«И мы, — доносят послы, — тех их речей слушать не хотели, говорили против твоего государева наказа с бранью и с шумом, что того нам не слушать, да и им о том говорить непригоже, восхищая суд божий на себя: то дело минущее. И литовские послы говорили с шумом: мы ваших речей у всех вас слушали порознь, а вы только не станете наших речей слушать, то нам съезжаться нечего; как выслушаете наши речи, тогда и будете говорить. Когда литовские послы стали с нами разъезжаться и давать нам свои речи на письме, то мы этих речей у них не взяли, потому что в них писаны многие непригожие слова про тебя, великого государя, все для того, чтоб привесть королевича к Московскому государству. Стоявши с ними за твое государево имя накрепко и отказав им, что вперед от них о королевиче и слушать не хотим, разъехались». Государь отвечал послам: «Вы то сделали хорошо, что за наше царское имя стояли и письменных у них речей не взяли.

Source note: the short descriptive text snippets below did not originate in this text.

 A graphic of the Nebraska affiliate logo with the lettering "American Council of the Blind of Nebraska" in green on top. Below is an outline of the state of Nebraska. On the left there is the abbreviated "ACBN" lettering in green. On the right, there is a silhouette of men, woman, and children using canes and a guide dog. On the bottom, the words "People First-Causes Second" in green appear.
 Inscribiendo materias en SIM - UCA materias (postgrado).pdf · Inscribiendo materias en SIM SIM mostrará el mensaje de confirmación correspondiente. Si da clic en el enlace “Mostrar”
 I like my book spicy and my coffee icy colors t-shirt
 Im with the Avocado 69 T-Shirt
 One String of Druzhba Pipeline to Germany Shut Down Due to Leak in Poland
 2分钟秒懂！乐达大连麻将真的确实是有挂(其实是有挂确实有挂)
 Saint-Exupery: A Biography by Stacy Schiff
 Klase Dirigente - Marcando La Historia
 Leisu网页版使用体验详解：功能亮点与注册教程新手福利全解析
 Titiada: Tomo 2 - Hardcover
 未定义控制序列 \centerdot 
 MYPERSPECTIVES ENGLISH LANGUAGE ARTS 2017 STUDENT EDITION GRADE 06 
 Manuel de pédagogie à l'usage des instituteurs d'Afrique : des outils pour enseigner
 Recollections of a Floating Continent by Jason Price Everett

И вы б делали, как вас бог вразумит, по их речам».
1 декабря был четвертый съезд. Московские послы письменно отвечали на речи польских послов, которые были читаны на третьем съезде. Бискуп оправдывал во всем Гонсевского, говорил, что Гонсевский пан радный и человек честный и потому про него говорить таких речей не надобно. «И мы, — доносит Воротынский государю, — говорили, что знали мы Александра Гонсевского тогда, когда он в Москве со Львом Сапегою был в подьячих, а теперь он у государя вашего честь выслужил бездушеством и московским разореньем, а только бы не то, и он по-прежнему был бы в подьячих. Александр Гонсевский говорил на это сердитые и укорительные непригожие речи про тебя, великого государя, будто выбирали тебя одни козаки, а Христоф Радзивилл говорил, что целовали крест королевичу все и ныне он, королевич, на Московское государство готов, и только его на государство не возьмут, то они за его позор готовы все головы свои положить сейчас. И мы против тех их речей говорили с ними в брань, что никаких речей слушать про то не хотим. Александр Гонсевский ставил то себе в оправданье и похвалу, что он, будучи в Московском государстве, царскую казну брал и к королю и к королевичу посылал, потому, как всякие люди королевичу крест целовали, тогда вы все и казна была его, как хотел, так и владел: а когда московские люди начали королевичу изменять, то он, Гонсевский, против них стоял, этим королю своему честь сделал, а себе похвалу. А Филарет Никитич, будто бы еще с Москвы не поехав, договаривался с патриархом Гермогеном, чтоб быть на Московском государстве тебе, великому государю, а князь Василий Васильевич Голицын будто бы хотел государствовать сам. Стояли все польские послы за Гонсевского: мало задор не стался, да и разъехались; а на разъезде Гонсевский говорил с угрозами: „Либо из своего горла кровь источу, либо, пришед под Москву, столицу вашу подпалю!“ Мы ему говорили: „По милости божией поспеешь туда же, где и советник твой Федька Андронов“.
Между тем в Москву доносили, что Польша находится в затруднительном положении: турки напали на нее, шляхта сердится на короля за дела московские, не хочет ему помогать. На основании этих слухов царь писал послам: «Если послы станут с вами говорить шумно и сердито, то и вы бы с ними говорили, смотря по их речам, смело же и сердито, смотря по тамошнему делу; а если литовские послы станут с вами говорить пословно, то и вы бы также говорили с ними гладко и пословно». Наконец Ганделиус вступился в дело. Оправдывая себя в неосторожном обращении с ним, послы писали царю: «Мы на то его привели, что он твое, великого государя, имя почитал и против твоего имени вставал и шапку снимал, и потому чаяли от него всякого добра; а пока он в остроге у нас был, то у нас в те поры было урядно, а видеть ему в остроге было ничего нельзя, ехал он в санях, а по обе стороны стояли стрельцы, и ему через людей видеть ничего нельзя».